● **INFORMATION SHOWN**:

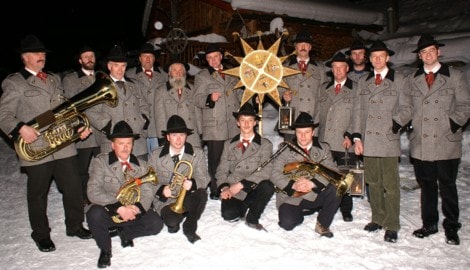 In Heiligenblut ziehen Sternsinger-Rotten seit dem 16. Jahrhundert in der Nacht auf 6. Jänner ...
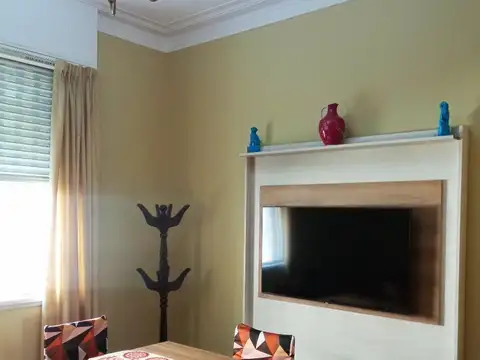 Temporario, tres ambientes , todo incluido excelente ubicaci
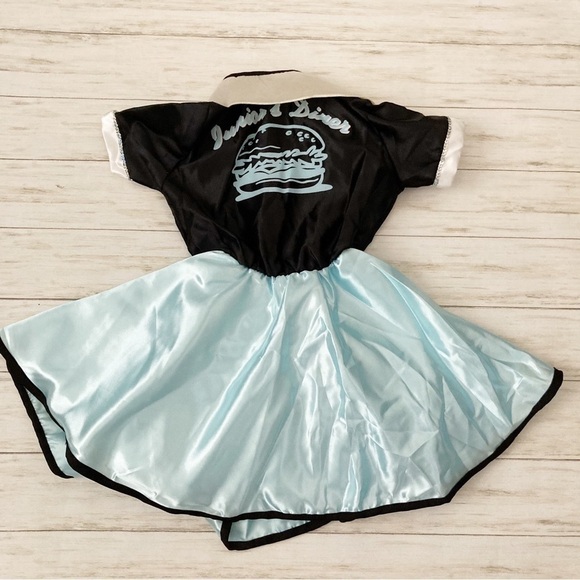 Carhop Girl Costume - Picture 3 of 5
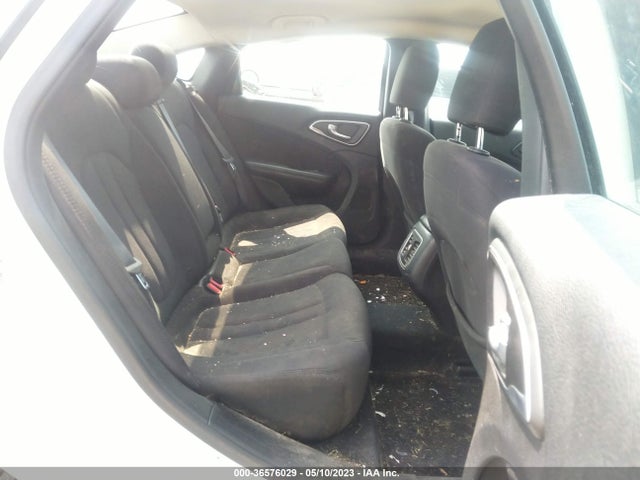 1C3CCCAB6FN504686 Chrysler 200 Limited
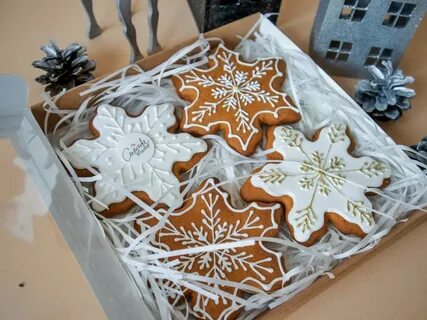 Имбирный пряник снежинка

● **TASK REQUIREMENTS**: Write out exactly the lines from the one containing "Temporario, tres ambientes" through the last line of the records above, both ends included, and leave out any pictures.

● **OUTPUT FOR THIS TASK**:
 Temporario, tres ambientes , todo incluido excelente ubicaci
 Carhop Girl Costume - Picture 3 of 5
 1C3CCCAB6FN504686 Chrysler 200 Limited
 Имбирный пряник снежинка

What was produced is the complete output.